The Celtics' scheme, designed and championed by head coach Joe Mazzulla, is just the latest iteration of the "Three is more than two" philosophy that took hold of the league as soon as Steph Curry won his first title and James Harden landed in Houston. The Celtics go into every game with a singular purpose: limit the other team's open three-point attempts while creating as many for themselves as possible. So far in the Finals, the Celtics are shooting 33 percent from three-point range on 127 attempts. The Mavericks are shooting 28 percent from deep on 78 attempts. Dallas has only been allowed to fire 14 corner threes all series, which is precisely the shot they used in previous rounds to carve up the Clippers, Thunder, and Timberwolves. Luka Doncic and Kyrie Irving have been challenged to score in one-on-one situations, and even when they do so successfully, they have been playing into the Celtics' hands. Payton Pritchard said as much to the The Athletic after last night's game:

“That’s the plan,” Pritchard told The Athletic. “Just make it tough 2s.
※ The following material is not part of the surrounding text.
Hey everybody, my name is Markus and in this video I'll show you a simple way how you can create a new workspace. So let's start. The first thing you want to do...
They’re going to hit shots, obviously. But if they hit 2s over and over again and we rely on our offense, it’ll carry us the other way quickly.”

It's tempting to dismiss all of this as bloodless spreadsheet basketball, but to do so would be to overlook what actually makes the Celtics' scheme effective: the players who run it. It's one thing to say that you are going to guard Doncic and Irving one-on-one, but it's another thing entirely to actually do it with any amount of success. Both of those players specialize in finding a weak point in the opposing defense and pressing on it until something breaks, but the Celtics' individual defenders present no vulnerability. It's one thing to say that you are going to spend a season shooting 42 three-pointers per game, but somebody actually has to make some of those shots. You need Derrick White, who shot 31 percent from deep during his last season in San Antonio, to become the kind of confident shooter who takes six threes a game and cans 39 percent of them. You need Jrue Holiday to have the best three-point shooting season of his career, and for Al Horford put up a hit rate that beats his age by a decent margin.
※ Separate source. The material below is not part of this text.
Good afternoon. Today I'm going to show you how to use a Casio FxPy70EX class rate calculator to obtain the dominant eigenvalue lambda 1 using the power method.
There is something to admire in the Celtics' commitment to the cause, too. I don't know if there has ever been a 64-win team that has been questioned as much as this one. Some of that is down to the number of times they've failed to get over the hump in the Tatum-Brown era, and some of it is down to the fact that the Celtics' system can, in crucial moments, look self-defeating. We saw this in Game 3: After building a 21-point fourth-quarter lead, the Celtics fell into one of their patented spells of stagnation. The defensive intensity sagged, drive-and-kicks were replaced by meandering possessions that ended in contested jumpers, and suddenly the Mavericks were down only one with just over three minutes to play. But the Celtics just kept playing the same way they have all season, trusting that the score would eventually shake out in their favor. It did, and now they are one win away from a championship.

When the Celtics get that win, it will not only dispel the angst that has swirled around this team for years. It will reveal this year's edition as the thing it has always been: a focused and confident team that burned a path of destruction from the season's first game all the way to its last.